# Task statement:
Retype only the lines below from the one with "Майка-безрукавка детская BMW" to the one with "Vaguelly 6Pcs Hair", inclusive, skipping every image.

# Data to examine:
┌────────

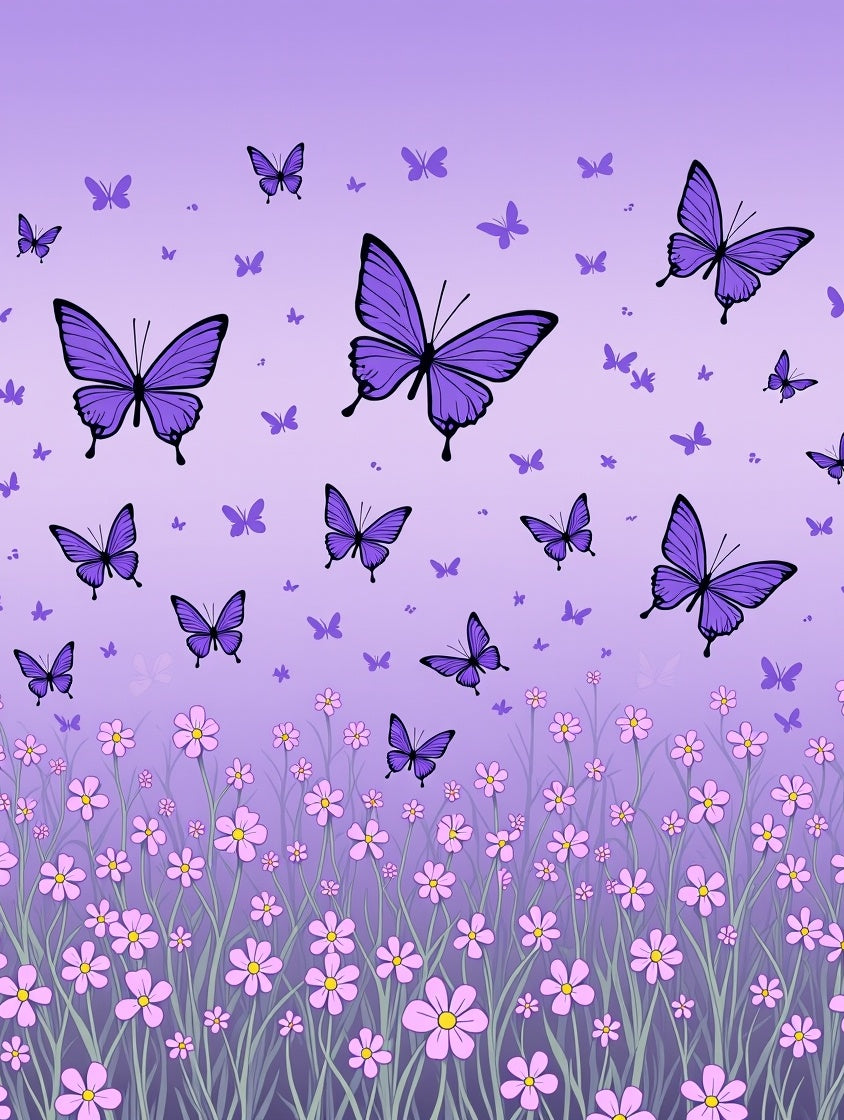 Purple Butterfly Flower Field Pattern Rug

└────────
┌────────

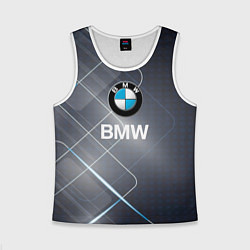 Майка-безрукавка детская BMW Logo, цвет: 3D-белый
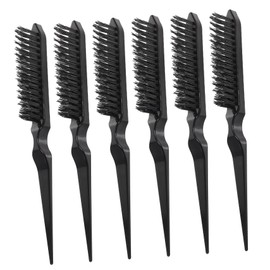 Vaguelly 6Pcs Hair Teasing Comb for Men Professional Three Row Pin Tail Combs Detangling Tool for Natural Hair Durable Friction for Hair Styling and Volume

└────────

# Answer:
 Майка-безрукавка детская BMW Logo, цвет: 3D-белый
 Vaguelly 6Pcs Hair Teasing Comb for Men Professional Three Row Pin Tail Combs Detangling Tool for Natural Hair Durable Friction for Hair Styling and Volume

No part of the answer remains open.